> [What to do] Everything from the line with "Tổng Bí thư, Chủ" to the last line of the listing must be retyped exactly, both ends included, with the pictures dropped.

> [Provided material]
*-*-*

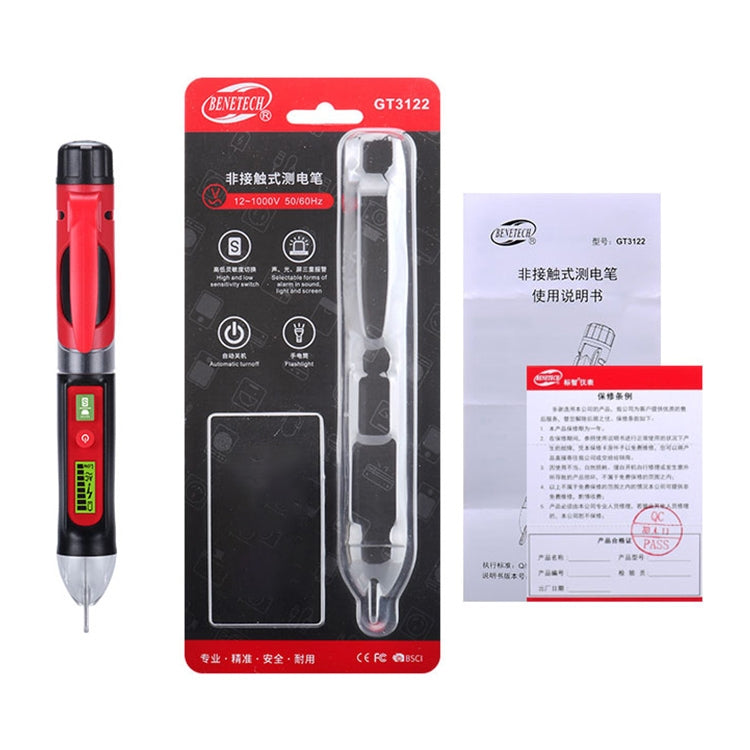 BENETECH GT3122 Tester senza contatto Pen Meter Rilevatori di tensione AC/DC digitali, BENETECH GT3122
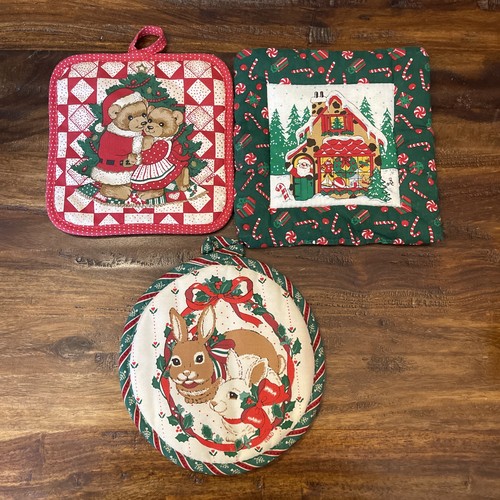 Vintage christmas quilted - quilted, pot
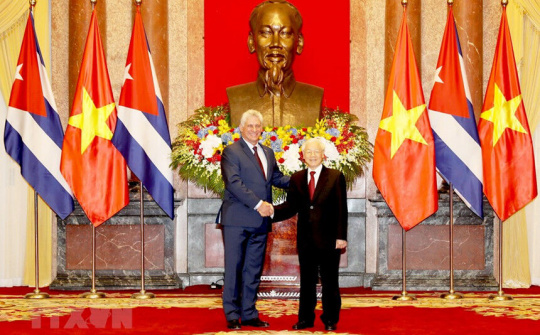 Tổng Bí thư, Chủ tịch nước Nguyễn Phú Trọng hội đàm với Chủ tịch Hội đồng Nhà nước và Hội đồng Bộ trưởng Cu-ba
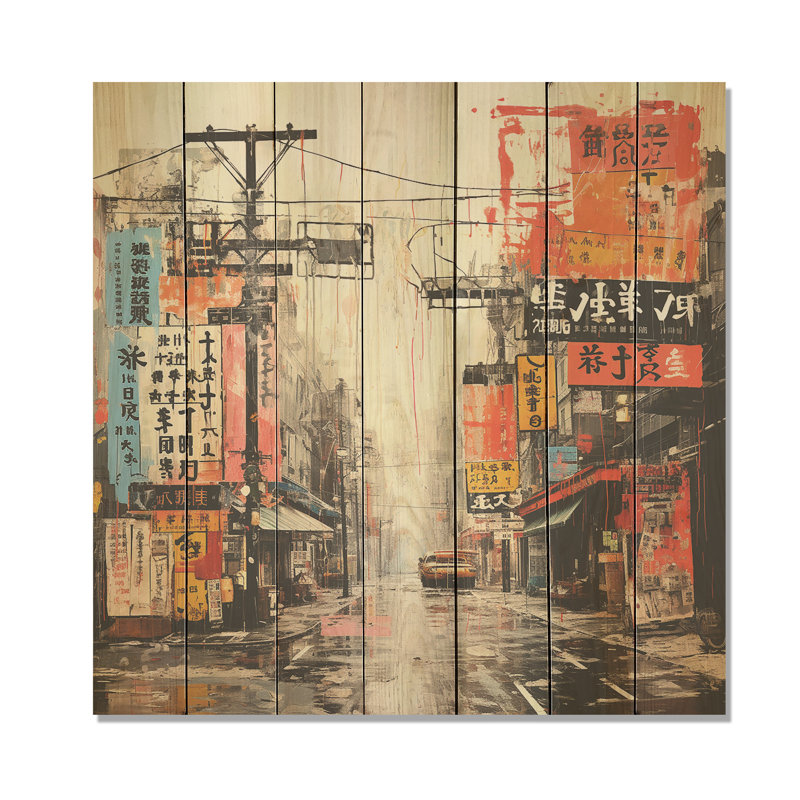 Pop Art, paysage urbain de Pékin, collage I - Pékin sur bois, H 30 po x l 30 po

*-*-*

> [Written answer]
 Tổng Bí thư, Chủ tịch nước Nguyễn Phú Trọng hội đàm với Chủ tịch Hội đồng Nhà nước và Hội đồng Bộ trưởng Cu-ba
 Pop Art, paysage urbain de Pékin, collage I - Pékin sur bois, H 30 po x l 30 po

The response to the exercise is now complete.